> **TASK REQUIREMENTS**: Give back the records below exactly, every one, with no pictures.

> **DATASET EXCERPTS**:
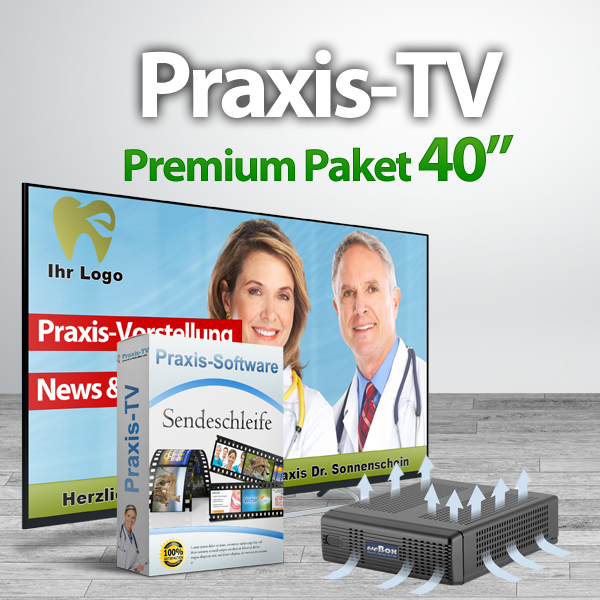 Praxis-TV Premium 40"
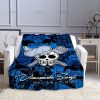 One Piece Blanket Vinsmoke Sanji Logo - One Piece Shop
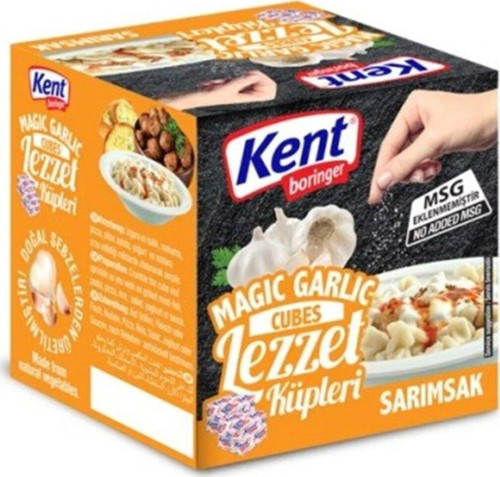 Sarımsaklı Lezzet Küpü 20 x 4 G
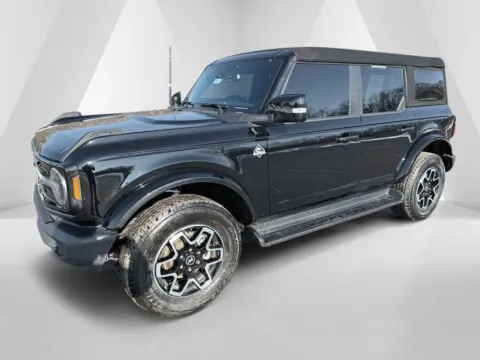 Another view of 2025 Ford Bronco Outer Banks for sale in Waverly, OH at Hometown Chevrolet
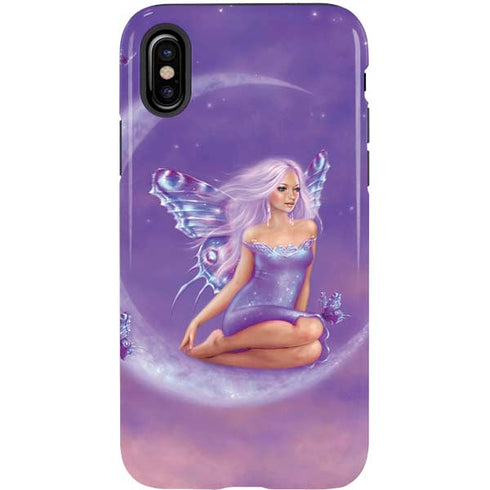 Rachel Anderson Lavender Moon Fairy iPhone XS Pro Case
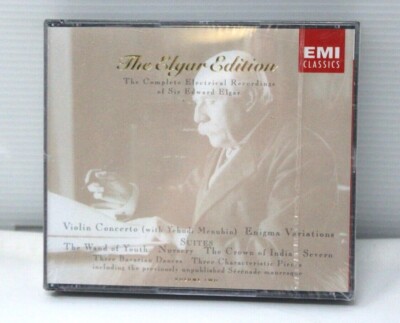 The Elgar Edition: Violin Concerto Enigma Variations Suites (CD) - NEW (Des.)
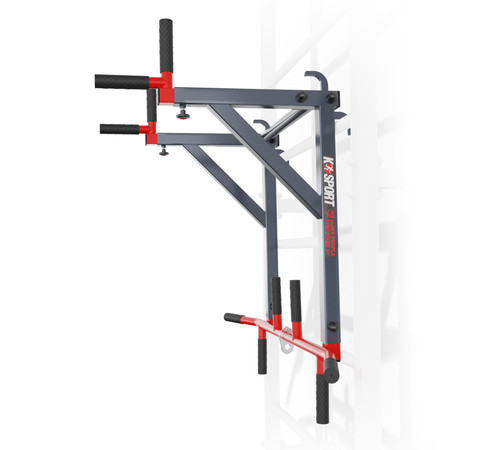 Турнік для підтягувань та бруси для драбини K-Sport KSSL080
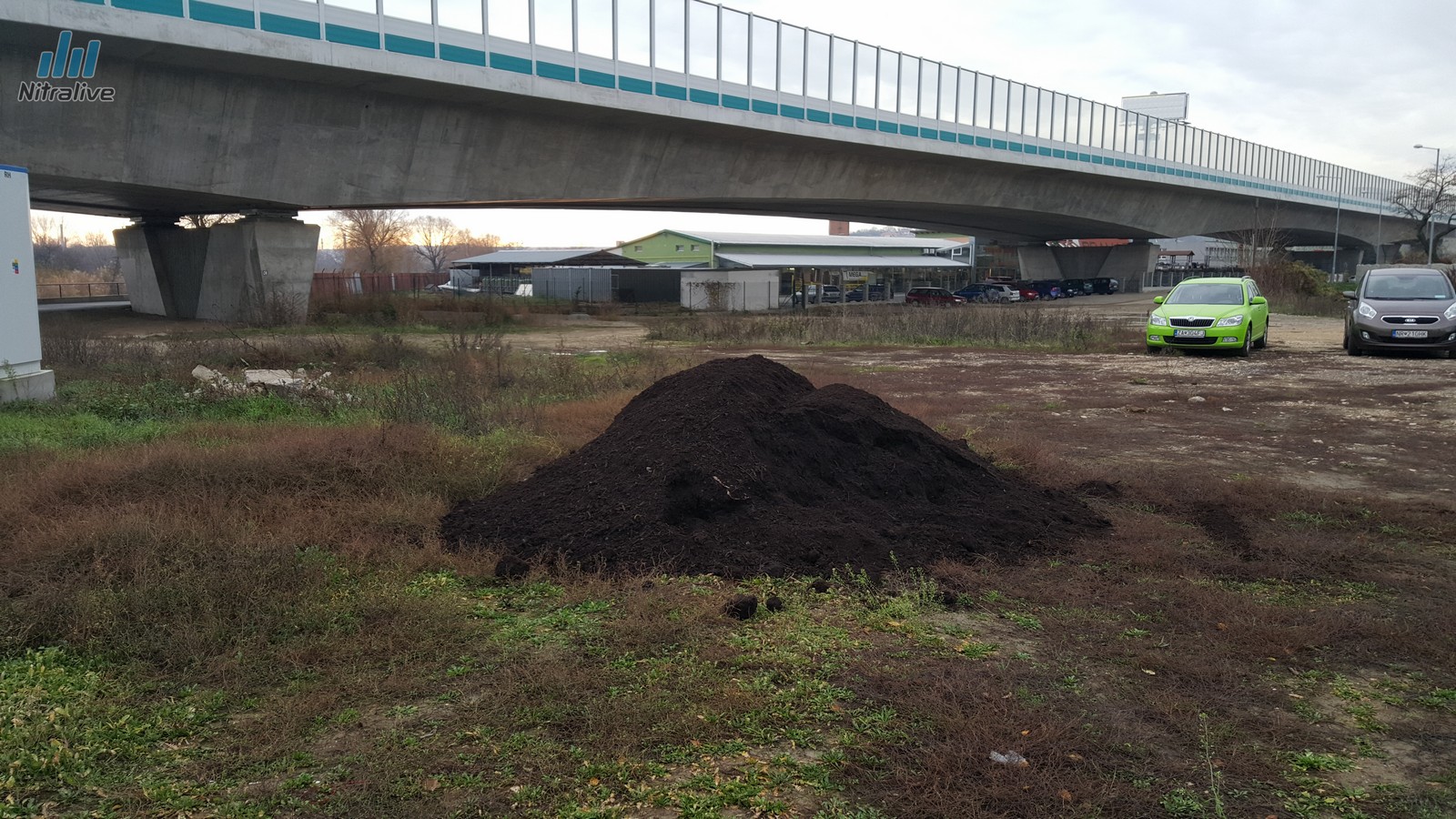 Odpočívadlo Priemyselná ulica Nitra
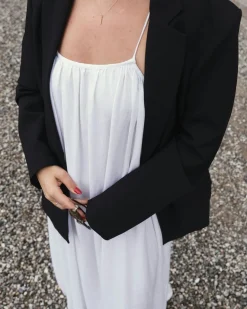 Neo Noir Kjoler<Allie Soft Linen Dress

> **ANSWER FOR THIS EXERCISE**:
 Praxis-TV Premium 40"
 One Piece Blanket Vinsmoke Sanji Logo - One Piece Shop
 Sarımsaklı Lezzet Küpü 20 x 4 G
 Another view of 2025 Ford Bronco Outer Banks for sale in Waverly, OH at Hometown Chevrolet
 Rachel Anderson Lavender Moon Fairy iPhone XS Pro Case
 The Elgar Edition: Violin Concerto Enigma Variations Suites (CD) - NEW (Des.)
 Турнік для підтягувань та бруси для драбини K-Sport KSSL080
 Odpočívadlo Priemyselná ulica Nitra
 Neo Noir Kjoler<Allie Soft Linen Dress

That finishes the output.